Позвонил Катаев. Он вернулся совсем с фронта. […]
Радио: Клемансо пал. В 24 часа отзываются войска. Через 3 дня большевики в Одессе!
[…] Сегодня призвали всех французов в консульство и предлагали уехать. […]
Кончается мое мирное житие. Начинается скитальческая жизнь, без всяких связей в тех городах, где мы остановимся. […]
23 марта/5 апреля.
Вчера целый день на ногах. Пришел мистер Питерс 20 проститься. В сутки
Простившись с ним, я пошла в продовольственную управу. […] Они спокойны, думают, что большевики поладят с интеллигенцией. Говорили, что дни Деникина и Колчака сочтены. […]
Я спрашиваю совета: уезжать ли нам? Они уговаривают остаться, ибо жизнь потечет нормально. Я не спорю. Но я знаю, что под большевиками нам придется морально очень страдать, жутко и за Яна, так как только что появилась его статья в «Новом Слове», где он открыто заявил себя сторонником Добровольческой Армии. Но куда бежать? На Дон? Страшно — там тиф! За границу — и денег нет, да и тяжело оторваться от России.
Захожу в то отделение управы, где служит дальняя родственница Яна, княгиня Голицына. […] Она очень возбуждена, говорит, что им нужно бежать. […]
На улицах оживление необычайное, почти паническое. Люди бегут с испуганными лицами. Кучками толпятся на тротуарах, громко разговаривают, размахивая руками. Волнуются и те, кто уезжает, и те, кто остается. Банки осаждаются. Франк, который стоил рубль, доходит до 10–12 рублей, фунт — до 200 р. […]
Вернулся Ян, очень утомленный. Новых известий не было. Я позвонила Цетлиным. Они уезжают, звали и нас. Мы пошли проститься. У них полный разгром. Им назначили грузиться на пароход через 2 часа. Фондаминский хорош с французским командованием, он устраивает им паспорта. Кроме Цетлиной, мы застаем там Волошина, который остается после них на квартире, и жену Руднева. Она только недавно вырвалась из Москвы, где сидела в тюрьме за мужа, но, несмотря на это, она защищает большевиков, восхищается их энергией. […]

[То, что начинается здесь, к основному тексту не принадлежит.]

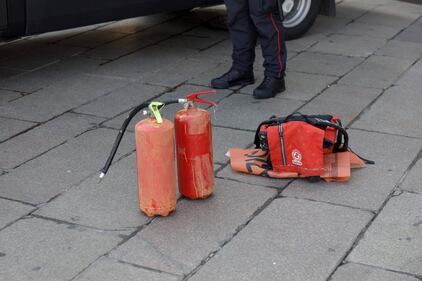 Vandalizzato il monumento equestre di piazza del Duomo 4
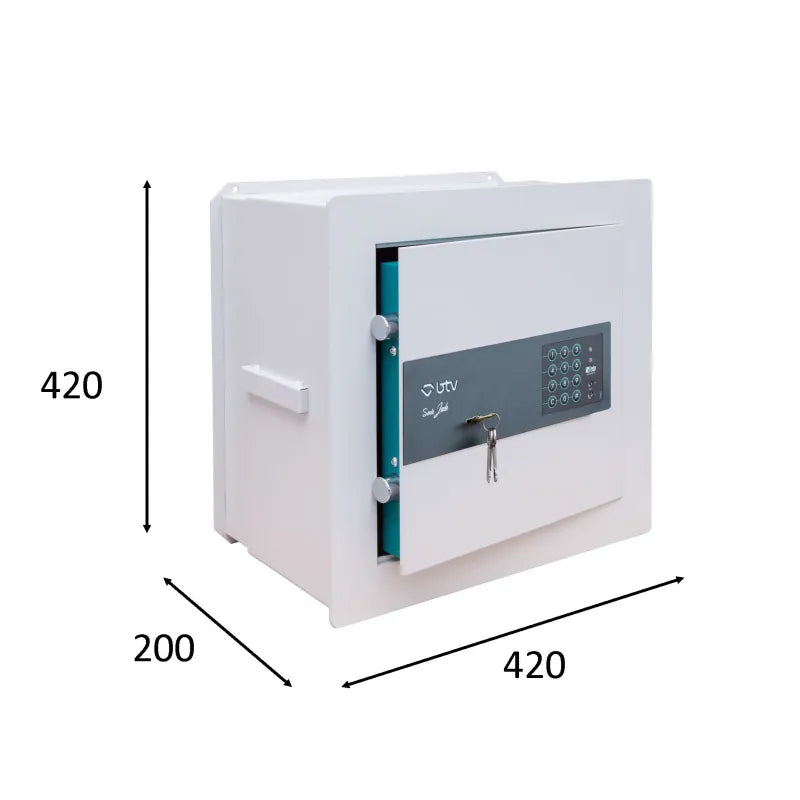 CAJA FUERTE JADE 40 EMPOTRAR - imagen 4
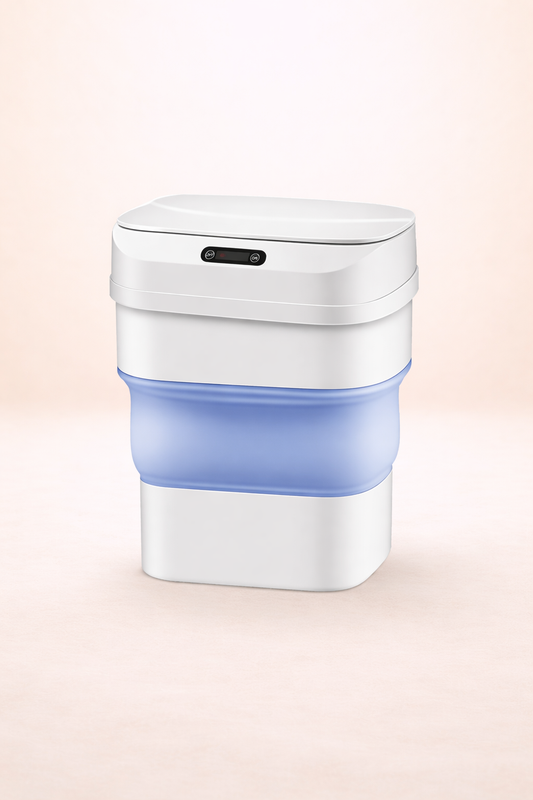 Caneca plegable con apertura automática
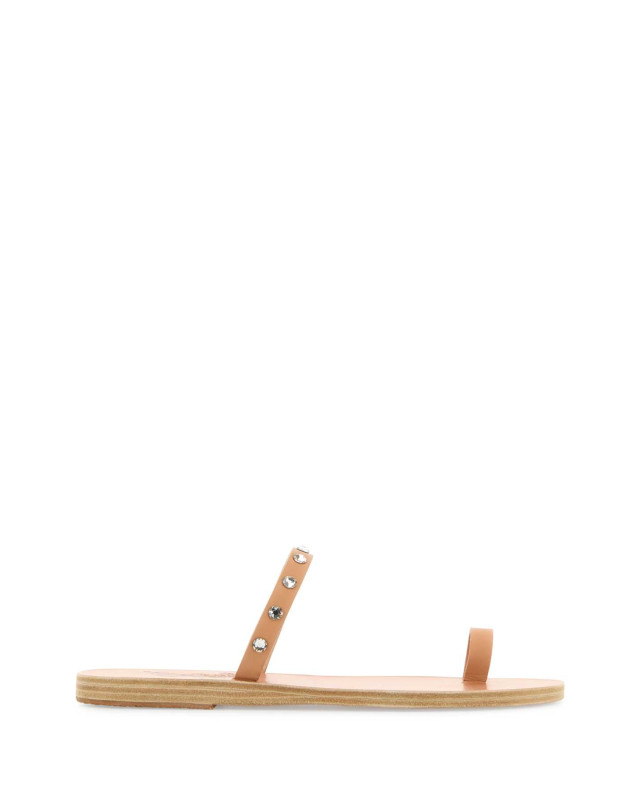 [ANCIENT GREEK] Slippers SS25 AUDREY NATURAL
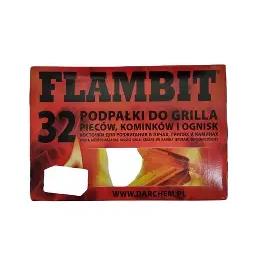 Podpałka w kostce a32 biała-104250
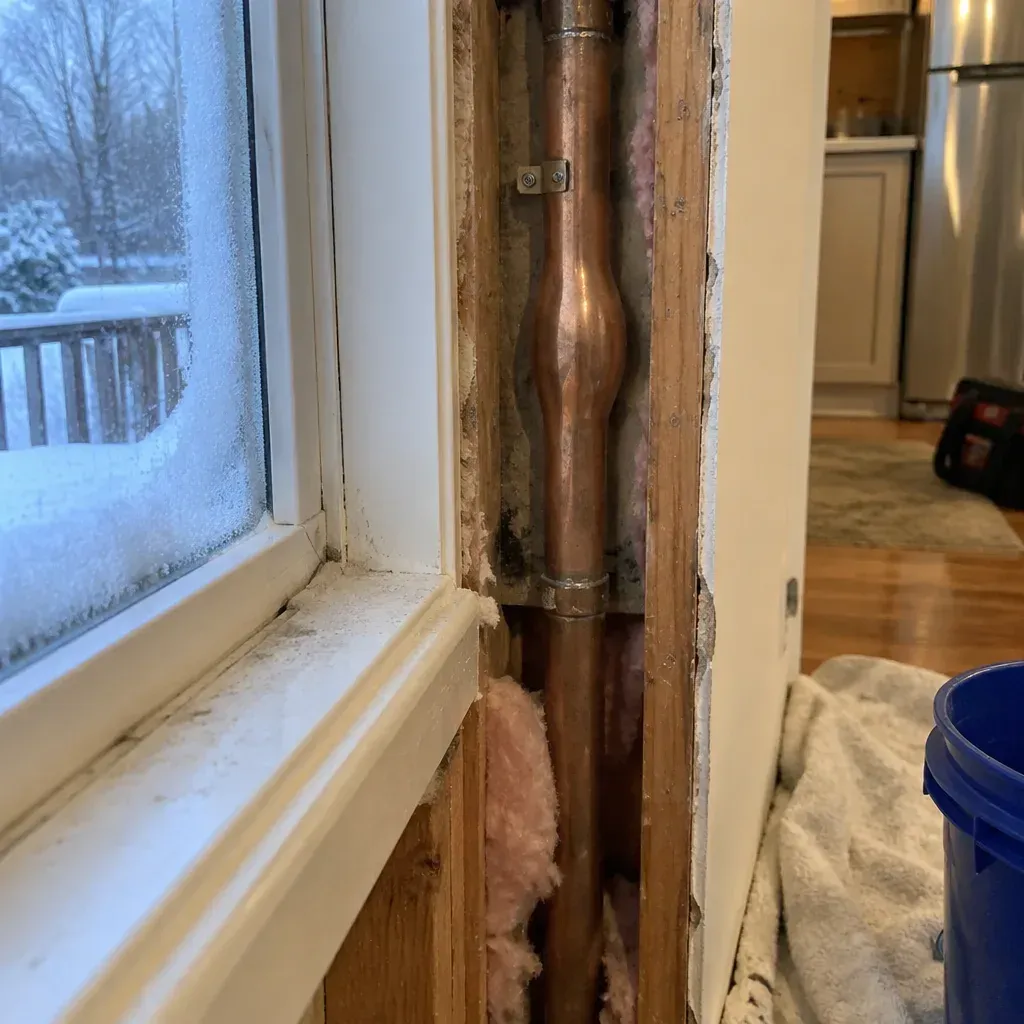 SharkBite Pipe Repair damaged pipe in Elgin, IL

Цетлина опять уговаривает нас ехать. Сообщает, что Толстые эвакуируются. Предлагает денег, паспорта устроит Фондаминский. От денег Ян не отказывается, а ехать не решаемся. Она дает нам десять тысяч рублей. […]
Волошин весь так и сияет. Не чувствуется, чтобы он волновался, негодовал или боялся, в нем какая-то легкость.
Оттуда мы пошли на Пушкинскую, где как раз происходила стрельба. По слухам, убит налетчик. В военно-промышленном комитете сборный пункт для отъезжающих политических и общественных деятелей. Народу много в вестибюле и в небольших комнатах комитета. Толпятся эс-эры, кадеты, литераторы. Вот Руднев, Цетлин, Шрейдер, Штерн, Толстые и другие. У всех озабоченный вид. […] Прощаемся с Толстыми, которые в два часа решили бежать отсюда, где им так и не удалось хорошо устроиться. Они будут пробираться в Париж. […]
Оттуда пошли в «Новое Слово». На улице суета, масса автомобилей, грузовиков, людей, двуколок, солдат, извозчиков с седоками, чемоданами, да, навьюченные ослы, французы, греки, добровольцы —
Мимо нас провезли на извозчике убитого, картуз на заду, сапоги сняты и болтаются портянки. — Какие нужно иметь нервы и здоровое сердце, чтобы снять с убитого сапоги, — сказал Ян.
Еврейская дружина сражалась с поляками. На Белинской улице из домов стреляли в уходящих добровольцев, они остановились и дали залп по домам.
Началась охота на отдельных офицеров добровольцев. Несмотря на засаду за каждым углом, добровольцы уходили в полном порядке, паники среди них совершенно не наблюдалось, тогда как французы потеряли голову. Они неслись по улицам с быстротой молнии, налетая на пролетки, опрокидывая все, что попадается на пути… […]
Целый день народ. Я лежу за ширмой и слушаю, что рассказывают, стараюсь запомнить, кое-что записываю. Все встревожены, стараются понять происшедшее, так внезапно свалившееся на нашу голову.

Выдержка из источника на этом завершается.